To: ild who wrote (31084)4/22/2005 6:16:57 PM
From: ild  Respond to of 110194
 
NEW YORK (Dow Jones)--Risk premiums on agency debt narrowed Friday for the fourth straight session as investors continued to parse comments made by company officials, regulators and ratings agencies in three days of Congressional hearings on regulatory reform of Fannie Mae, Freddie Mac and the Federal Home Loan Banks.

The highlight of the week was the appearance before a Senate panel of the chief executives of both Fannie and Freddie; both dropped their opposition to giving a new regulator the power to put their companies in receivership should they fail, but made their case against putting limits on the amount of mortgage they can hold.

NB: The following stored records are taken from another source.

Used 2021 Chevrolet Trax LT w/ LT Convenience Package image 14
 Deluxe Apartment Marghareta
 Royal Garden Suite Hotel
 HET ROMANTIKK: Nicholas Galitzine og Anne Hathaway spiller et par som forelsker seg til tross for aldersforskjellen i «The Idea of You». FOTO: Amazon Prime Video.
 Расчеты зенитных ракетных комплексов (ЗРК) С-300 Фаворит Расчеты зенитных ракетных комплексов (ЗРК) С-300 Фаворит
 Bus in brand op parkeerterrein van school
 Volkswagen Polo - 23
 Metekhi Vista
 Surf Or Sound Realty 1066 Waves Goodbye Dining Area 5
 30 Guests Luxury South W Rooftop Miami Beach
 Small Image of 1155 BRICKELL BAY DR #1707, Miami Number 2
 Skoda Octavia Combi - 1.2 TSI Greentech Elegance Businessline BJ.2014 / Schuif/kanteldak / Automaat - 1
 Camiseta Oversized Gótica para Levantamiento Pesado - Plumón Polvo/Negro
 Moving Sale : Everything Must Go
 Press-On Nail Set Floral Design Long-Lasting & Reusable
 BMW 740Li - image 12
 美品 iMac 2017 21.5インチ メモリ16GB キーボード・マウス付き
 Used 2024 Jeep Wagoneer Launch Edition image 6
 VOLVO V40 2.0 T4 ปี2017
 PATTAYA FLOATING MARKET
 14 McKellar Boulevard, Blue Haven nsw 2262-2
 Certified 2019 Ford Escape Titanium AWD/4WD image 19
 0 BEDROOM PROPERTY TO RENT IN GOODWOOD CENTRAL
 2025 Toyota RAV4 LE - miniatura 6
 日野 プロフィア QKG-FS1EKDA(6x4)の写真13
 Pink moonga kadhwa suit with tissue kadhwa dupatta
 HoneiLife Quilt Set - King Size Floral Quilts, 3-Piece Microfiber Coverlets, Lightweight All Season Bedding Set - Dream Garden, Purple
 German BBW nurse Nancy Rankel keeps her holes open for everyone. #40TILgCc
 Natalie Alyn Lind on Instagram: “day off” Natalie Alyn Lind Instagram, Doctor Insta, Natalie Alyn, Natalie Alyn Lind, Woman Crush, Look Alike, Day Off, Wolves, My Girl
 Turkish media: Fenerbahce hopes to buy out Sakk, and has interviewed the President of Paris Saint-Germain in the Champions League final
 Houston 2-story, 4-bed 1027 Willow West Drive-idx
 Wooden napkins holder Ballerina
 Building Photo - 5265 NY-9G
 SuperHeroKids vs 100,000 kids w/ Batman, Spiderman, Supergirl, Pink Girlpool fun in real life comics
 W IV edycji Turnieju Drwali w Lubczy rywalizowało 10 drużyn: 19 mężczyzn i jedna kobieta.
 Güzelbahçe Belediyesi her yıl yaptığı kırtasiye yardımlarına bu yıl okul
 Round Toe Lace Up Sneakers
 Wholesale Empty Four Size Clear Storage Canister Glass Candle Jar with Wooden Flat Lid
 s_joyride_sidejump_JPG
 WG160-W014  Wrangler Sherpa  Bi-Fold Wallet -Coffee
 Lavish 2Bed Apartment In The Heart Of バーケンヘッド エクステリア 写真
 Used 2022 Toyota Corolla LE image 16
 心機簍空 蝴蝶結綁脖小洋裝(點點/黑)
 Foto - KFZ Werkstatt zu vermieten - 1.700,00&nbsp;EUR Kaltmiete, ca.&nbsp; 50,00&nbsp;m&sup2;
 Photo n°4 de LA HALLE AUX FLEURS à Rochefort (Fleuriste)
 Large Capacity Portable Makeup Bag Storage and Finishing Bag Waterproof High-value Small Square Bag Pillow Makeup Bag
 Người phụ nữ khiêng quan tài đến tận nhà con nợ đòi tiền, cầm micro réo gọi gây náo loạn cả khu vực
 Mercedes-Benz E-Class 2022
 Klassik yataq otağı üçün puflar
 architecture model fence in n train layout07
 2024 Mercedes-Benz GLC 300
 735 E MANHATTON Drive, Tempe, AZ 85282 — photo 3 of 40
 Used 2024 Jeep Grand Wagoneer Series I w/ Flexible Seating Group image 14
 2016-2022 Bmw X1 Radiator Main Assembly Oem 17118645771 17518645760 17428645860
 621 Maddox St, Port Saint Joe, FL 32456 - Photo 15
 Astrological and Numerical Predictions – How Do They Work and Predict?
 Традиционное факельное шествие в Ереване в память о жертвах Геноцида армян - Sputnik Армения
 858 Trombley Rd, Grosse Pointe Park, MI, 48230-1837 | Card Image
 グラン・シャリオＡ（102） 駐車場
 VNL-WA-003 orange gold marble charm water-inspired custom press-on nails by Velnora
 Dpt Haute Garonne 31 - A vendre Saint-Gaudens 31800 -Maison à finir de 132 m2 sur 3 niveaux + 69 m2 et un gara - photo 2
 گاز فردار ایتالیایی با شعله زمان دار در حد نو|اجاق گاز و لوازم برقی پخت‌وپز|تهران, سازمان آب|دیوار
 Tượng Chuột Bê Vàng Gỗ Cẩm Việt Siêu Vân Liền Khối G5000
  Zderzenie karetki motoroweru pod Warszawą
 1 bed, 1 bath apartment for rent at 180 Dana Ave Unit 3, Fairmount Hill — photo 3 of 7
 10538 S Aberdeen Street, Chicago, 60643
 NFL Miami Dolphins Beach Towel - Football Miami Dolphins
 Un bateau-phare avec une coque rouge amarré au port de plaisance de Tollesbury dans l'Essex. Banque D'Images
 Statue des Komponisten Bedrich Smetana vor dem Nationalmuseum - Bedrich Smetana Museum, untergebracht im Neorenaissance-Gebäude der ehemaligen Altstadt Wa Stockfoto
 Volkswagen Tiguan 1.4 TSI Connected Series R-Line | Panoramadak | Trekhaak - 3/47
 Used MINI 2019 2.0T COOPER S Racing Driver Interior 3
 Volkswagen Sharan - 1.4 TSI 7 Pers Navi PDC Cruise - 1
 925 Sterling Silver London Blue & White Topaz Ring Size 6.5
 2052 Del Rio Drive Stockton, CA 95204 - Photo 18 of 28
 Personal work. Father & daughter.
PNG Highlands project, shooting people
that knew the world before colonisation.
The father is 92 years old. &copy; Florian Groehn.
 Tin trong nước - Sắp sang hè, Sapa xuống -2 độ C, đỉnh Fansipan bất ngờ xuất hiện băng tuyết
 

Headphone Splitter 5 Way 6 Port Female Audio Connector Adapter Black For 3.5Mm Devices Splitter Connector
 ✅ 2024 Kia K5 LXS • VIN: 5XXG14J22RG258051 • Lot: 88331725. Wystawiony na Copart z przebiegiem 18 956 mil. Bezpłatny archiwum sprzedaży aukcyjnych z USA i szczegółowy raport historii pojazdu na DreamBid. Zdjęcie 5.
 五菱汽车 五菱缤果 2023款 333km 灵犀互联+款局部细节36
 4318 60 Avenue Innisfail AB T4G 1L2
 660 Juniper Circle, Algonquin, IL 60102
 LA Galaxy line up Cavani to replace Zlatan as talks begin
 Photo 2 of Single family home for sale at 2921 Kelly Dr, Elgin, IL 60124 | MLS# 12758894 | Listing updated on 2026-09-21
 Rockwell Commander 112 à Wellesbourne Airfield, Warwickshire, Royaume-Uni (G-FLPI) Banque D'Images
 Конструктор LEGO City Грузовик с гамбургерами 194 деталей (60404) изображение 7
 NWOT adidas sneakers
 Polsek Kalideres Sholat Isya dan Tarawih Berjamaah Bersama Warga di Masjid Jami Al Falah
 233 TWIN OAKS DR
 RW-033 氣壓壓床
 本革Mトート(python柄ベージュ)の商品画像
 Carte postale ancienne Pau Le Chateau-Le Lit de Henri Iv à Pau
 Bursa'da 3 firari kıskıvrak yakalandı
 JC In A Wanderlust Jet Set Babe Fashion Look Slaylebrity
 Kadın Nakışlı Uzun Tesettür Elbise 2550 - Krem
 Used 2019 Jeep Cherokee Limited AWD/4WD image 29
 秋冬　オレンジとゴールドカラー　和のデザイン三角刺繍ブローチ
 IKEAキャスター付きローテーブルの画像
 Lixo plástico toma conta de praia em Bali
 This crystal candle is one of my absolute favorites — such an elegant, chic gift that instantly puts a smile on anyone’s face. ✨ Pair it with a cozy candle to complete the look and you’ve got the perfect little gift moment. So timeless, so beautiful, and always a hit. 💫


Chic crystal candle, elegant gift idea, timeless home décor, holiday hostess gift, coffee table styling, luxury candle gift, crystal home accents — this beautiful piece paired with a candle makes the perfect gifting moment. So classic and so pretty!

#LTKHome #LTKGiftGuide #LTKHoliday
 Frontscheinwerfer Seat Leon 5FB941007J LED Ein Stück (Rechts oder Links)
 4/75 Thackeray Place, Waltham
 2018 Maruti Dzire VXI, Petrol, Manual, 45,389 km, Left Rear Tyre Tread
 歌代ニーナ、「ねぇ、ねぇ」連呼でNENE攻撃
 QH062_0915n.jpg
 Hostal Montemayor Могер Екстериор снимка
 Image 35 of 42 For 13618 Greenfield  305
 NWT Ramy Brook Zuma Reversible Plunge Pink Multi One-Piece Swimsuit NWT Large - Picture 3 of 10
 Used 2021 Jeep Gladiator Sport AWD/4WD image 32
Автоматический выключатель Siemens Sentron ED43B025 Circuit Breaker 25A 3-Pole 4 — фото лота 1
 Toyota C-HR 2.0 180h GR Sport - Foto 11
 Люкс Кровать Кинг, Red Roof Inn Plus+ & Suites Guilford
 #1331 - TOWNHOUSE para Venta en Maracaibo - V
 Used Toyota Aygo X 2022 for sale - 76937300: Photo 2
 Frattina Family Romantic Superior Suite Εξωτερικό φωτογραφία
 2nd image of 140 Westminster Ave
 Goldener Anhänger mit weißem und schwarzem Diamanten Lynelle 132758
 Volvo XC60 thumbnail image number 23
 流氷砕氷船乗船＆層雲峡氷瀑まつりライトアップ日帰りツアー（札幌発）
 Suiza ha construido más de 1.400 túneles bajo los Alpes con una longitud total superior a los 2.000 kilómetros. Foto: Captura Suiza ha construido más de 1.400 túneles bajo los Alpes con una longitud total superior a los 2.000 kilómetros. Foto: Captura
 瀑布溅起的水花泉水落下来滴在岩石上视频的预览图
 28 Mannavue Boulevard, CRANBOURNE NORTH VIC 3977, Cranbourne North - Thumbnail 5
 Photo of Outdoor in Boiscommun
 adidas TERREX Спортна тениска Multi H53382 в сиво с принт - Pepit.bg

Nevertheless, it appears increasingly likely that some kind of constraints to Fannie and Freddie's portfolio growth will make it into legislation being proposed in both the House and Senate.

It's not clear how much of an impact the debate had on agency spreads, however, since the market has already priced in expectations that Fannie and Freddie's portfolio growth will be tempered by difficult market conditions and increased regulatory oversight.

Agency spreads may also have benefitted from a reduction in two factors that appeared to weigh on the market the previous week - generalized concerns about credit quality sparked by profit warnings from automakers and mortgage-related hedging in the swaps market.



To: ild who wrote (31084)4/22/2005 6:26:04 PM
From: Wyätt Gwyön  Read Replies (3) | Respond to of 110194
 
good point, ild. the drop in the large-spec net long position over the past two weeks looks like the steepest by far over the past year. also good to see the dumb money small specs increasing their shorts.